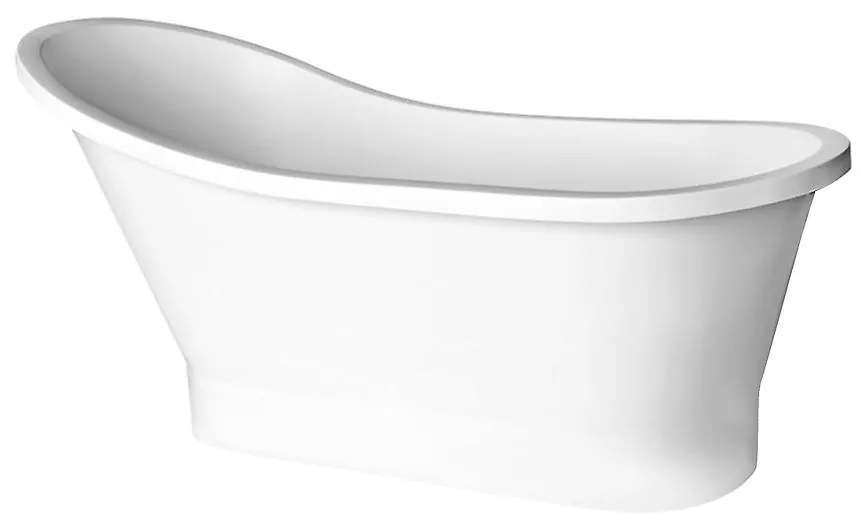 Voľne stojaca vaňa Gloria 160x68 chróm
-=-=-=-=-
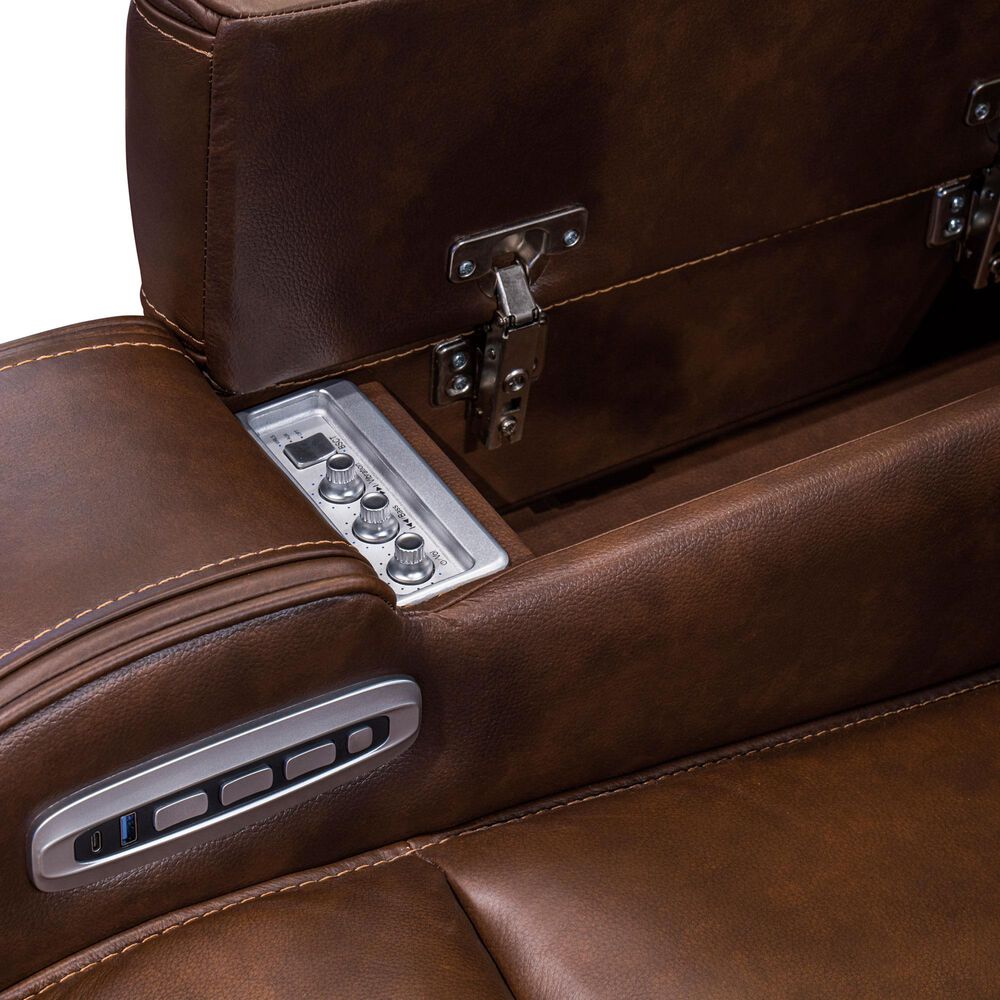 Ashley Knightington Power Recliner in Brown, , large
-=-=-=-=-
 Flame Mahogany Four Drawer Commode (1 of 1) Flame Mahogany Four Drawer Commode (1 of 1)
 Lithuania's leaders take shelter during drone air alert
-=-=-=-=-
* [Exercise requirements]: Copy the lines above exactly. Start with the line containing "Flame Mahogany Four Drawer Commode (1 of 1) Flame", end with the line containing "Lithuania's leaders take", and include both.

* [Response below]:
 Flame Mahogany Four Drawer Commode (1 of 1) Flame Mahogany Four Drawer Commode (1 of 1)
 Lithuania's leaders take shelter during drone air alert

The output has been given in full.